### What is being asked
In the data below, begin at the line with "Apartamento Dona Frida" and stop after the line with "Casa à venda"; output those lines exactly and no pictures.

START Information shown

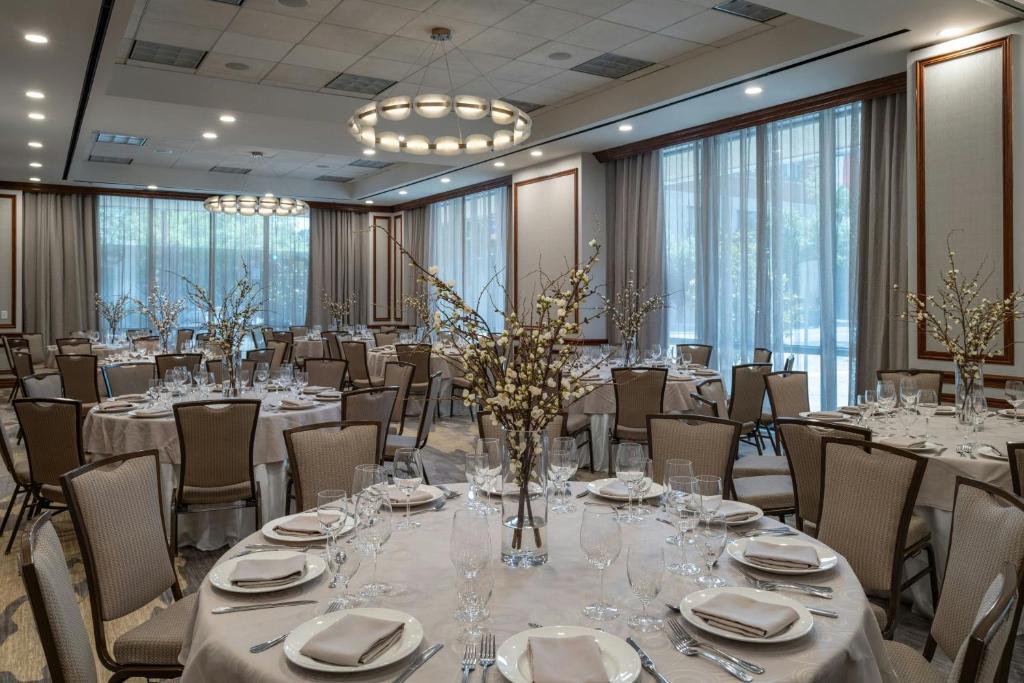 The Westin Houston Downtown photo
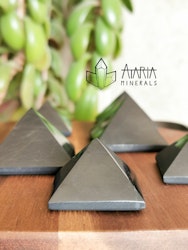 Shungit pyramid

END Information shown
START Information shown

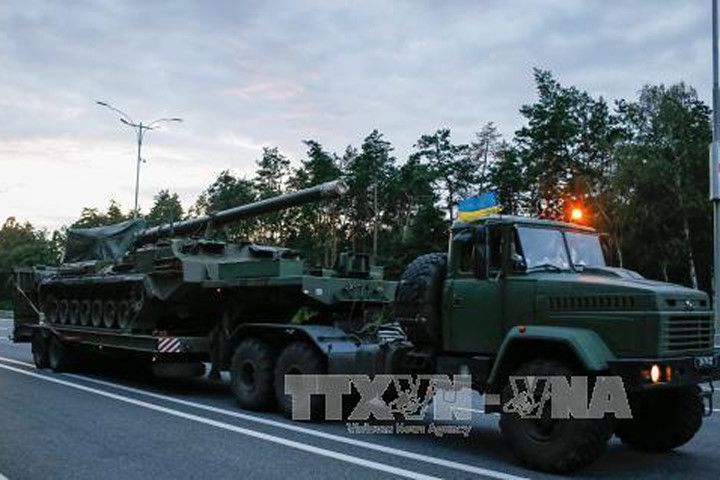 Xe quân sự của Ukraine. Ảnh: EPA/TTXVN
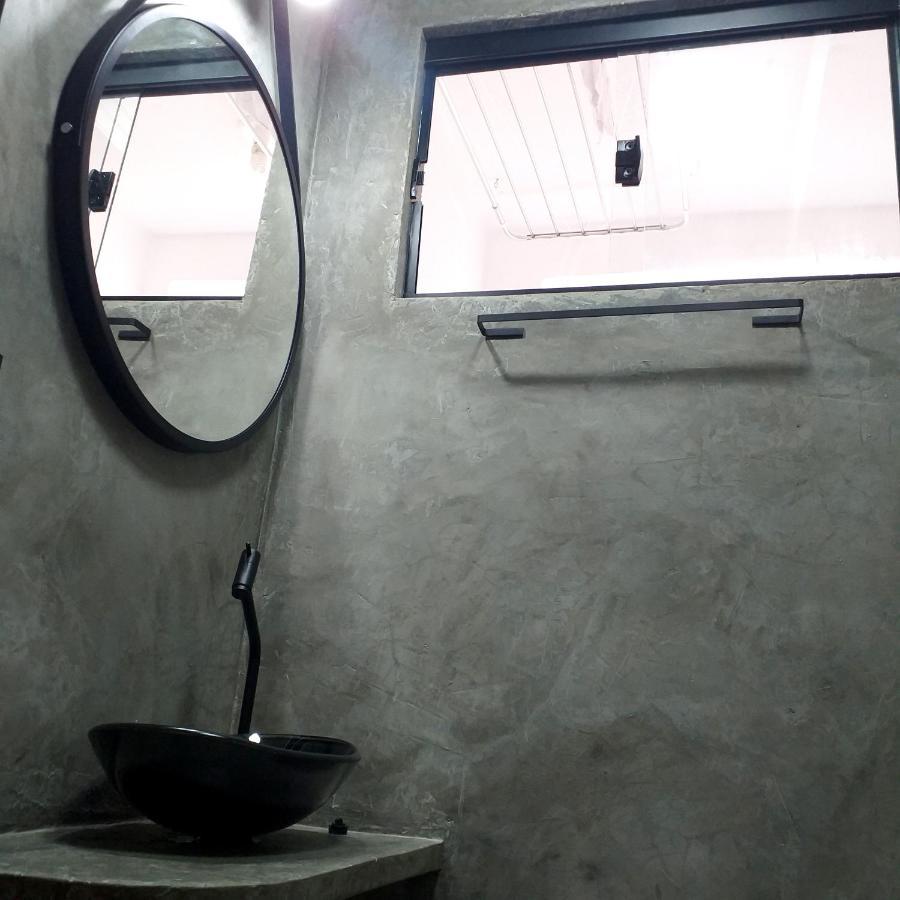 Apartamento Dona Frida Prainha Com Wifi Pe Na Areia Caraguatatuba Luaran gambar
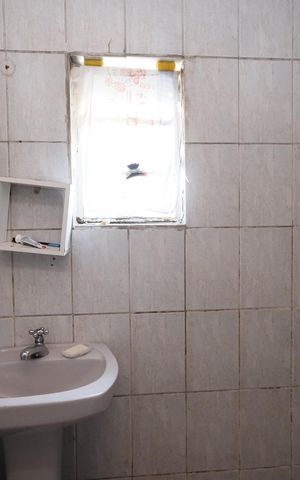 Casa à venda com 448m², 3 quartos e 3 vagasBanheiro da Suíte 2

END Information shown

### Task response
 Apartamento Dona Frida Prainha Com Wifi Pe Na Areia Caraguatatuba Luaran gambar
 Casa à venda com 448m², 3 quartos e 3 vagasBanheiro da Suíte 2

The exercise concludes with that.